Irish banks provided repayment breaks of up to six months for impacted borrowers, and have begun to assess further forbearance options for those still struggling as the blanket breaks end and COVID-19 constraints ramp up again.
Bank of Ireland said it had 11,100 breaks outstanding in Ireland by Oct. 16 -- 6,400 for mortgage holders -- and another 8,900 broadly split between home and consumer loans in the United Kingdom, where it is the largest Irish lender.
The bank put aside 937 million euros (850 million pounds) in the first half of the year mainly to cover likely losses from the payment breaks, making up the bulk of what it called a prudent charge of 1.1-1.3 billion euros expected for 2020.
It also introduced a voluntary redundancy scheme as part of plans to cut staff numbers to below 9,000 from 10,340 at the end of June.

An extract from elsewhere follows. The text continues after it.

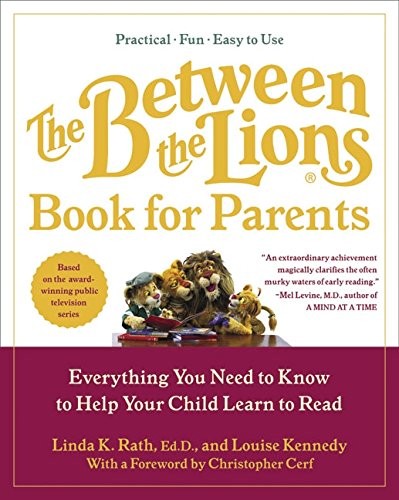 The Between the Lions (R) Book for Parents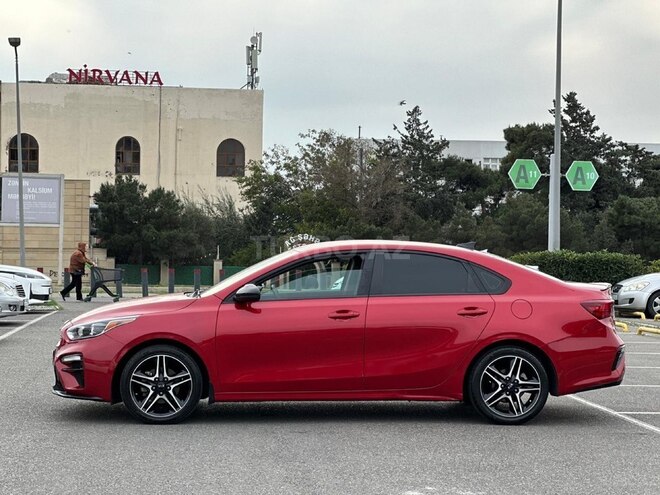 Kia Forte 2021, 64,000 km - 2.0 l - Bakı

It said on Wednesday that it agreed terms with 1,450 staff, leading to a one-off charge of 169 million euros but a cut in annual staff costs of 114 million euros, or 14%.
Ireland's largest bank by assets said its net interest margin and capital were broadly stable with net interest income down 2% year on year in the nine months to September versus its guidance for a 5% full-year fall thanks to a rebound in lending.
"Taking into account this positive trading, the potential impact of increased restrictions to control the pandemic and on-going uncertainties in relation to Brexit, our overall expectation for 2020 performance is unchanged," it said.